(Activity): Of all the lines in the entries below, give again exactly those starting at the line containing "Usams Kabel 4w1" and ending at the line containing "B)showing more emotional", both ends included, and no others.

/---

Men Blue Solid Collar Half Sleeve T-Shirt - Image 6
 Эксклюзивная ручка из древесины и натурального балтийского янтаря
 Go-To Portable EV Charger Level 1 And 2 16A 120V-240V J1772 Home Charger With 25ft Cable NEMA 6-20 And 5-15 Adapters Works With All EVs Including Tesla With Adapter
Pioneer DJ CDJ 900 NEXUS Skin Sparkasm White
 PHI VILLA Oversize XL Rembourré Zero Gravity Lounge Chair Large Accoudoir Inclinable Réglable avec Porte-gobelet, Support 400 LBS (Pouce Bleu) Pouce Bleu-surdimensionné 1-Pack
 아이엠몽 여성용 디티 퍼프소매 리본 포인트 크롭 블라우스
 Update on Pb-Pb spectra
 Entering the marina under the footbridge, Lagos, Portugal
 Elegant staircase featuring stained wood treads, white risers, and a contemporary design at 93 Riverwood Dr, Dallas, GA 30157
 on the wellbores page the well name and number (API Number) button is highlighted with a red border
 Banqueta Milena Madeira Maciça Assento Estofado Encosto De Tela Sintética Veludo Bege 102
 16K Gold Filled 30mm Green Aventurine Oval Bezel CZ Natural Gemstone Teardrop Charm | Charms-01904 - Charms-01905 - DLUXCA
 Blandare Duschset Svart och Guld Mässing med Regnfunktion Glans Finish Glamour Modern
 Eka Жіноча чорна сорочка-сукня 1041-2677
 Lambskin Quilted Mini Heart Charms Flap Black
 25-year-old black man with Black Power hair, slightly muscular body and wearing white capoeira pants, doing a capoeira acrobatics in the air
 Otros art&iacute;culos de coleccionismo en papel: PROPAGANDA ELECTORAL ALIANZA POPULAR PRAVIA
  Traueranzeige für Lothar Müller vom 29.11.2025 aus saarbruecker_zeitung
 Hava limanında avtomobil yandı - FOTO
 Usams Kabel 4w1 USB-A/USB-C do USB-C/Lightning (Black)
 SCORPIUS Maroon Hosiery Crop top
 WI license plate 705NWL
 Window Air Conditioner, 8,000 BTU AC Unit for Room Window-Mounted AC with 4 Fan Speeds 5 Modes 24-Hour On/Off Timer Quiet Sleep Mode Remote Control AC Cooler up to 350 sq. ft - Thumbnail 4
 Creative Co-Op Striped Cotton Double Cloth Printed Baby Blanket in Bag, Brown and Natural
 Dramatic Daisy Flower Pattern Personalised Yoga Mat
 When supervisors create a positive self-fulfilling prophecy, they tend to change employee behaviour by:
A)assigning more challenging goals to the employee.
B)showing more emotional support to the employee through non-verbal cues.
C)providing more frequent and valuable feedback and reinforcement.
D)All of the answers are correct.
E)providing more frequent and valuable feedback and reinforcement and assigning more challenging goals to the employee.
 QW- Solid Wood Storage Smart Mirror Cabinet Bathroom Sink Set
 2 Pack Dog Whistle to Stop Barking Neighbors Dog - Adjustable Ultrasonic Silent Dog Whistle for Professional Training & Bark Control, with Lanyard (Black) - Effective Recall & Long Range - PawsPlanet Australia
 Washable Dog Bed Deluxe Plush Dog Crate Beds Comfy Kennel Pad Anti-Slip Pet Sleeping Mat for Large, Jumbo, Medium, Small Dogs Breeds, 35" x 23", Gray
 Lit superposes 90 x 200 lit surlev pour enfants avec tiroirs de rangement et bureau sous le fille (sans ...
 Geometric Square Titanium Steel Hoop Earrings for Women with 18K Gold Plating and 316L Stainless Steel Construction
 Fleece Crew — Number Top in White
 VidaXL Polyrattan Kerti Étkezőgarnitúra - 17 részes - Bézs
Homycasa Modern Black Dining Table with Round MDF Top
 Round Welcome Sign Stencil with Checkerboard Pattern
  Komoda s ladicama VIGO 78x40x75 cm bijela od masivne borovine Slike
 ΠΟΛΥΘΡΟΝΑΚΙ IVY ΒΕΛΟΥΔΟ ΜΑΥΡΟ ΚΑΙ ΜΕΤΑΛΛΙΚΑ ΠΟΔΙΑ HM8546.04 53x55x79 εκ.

\---

(Reply):
 Usams Kabel 4w1 USB-A/USB-C do USB-C/Lightning (Black)
 SCORPIUS Maroon Hosiery Crop top
 WI license plate 705NWL
 Window Air Conditioner, 8,000 BTU AC Unit for Room Window-Mounted AC with 4 Fan Speeds 5 Modes 24-Hour On/Off Timer Quiet Sleep Mode Remote Control AC Cooler up to 350 sq. ft - Thumbnail 4
 Creative Co-Op Striped Cotton Double Cloth Printed Baby Blanket in Bag, Brown and Natural
 Dramatic Daisy Flower Pattern Personalised Yoga Mat
 When supervisors create a positive self-fulfilling prophecy, they tend to change employee behaviour by:
A)assigning more challenging goals to the employee.
B)showing more emotional support to the employee through non-verbal cues.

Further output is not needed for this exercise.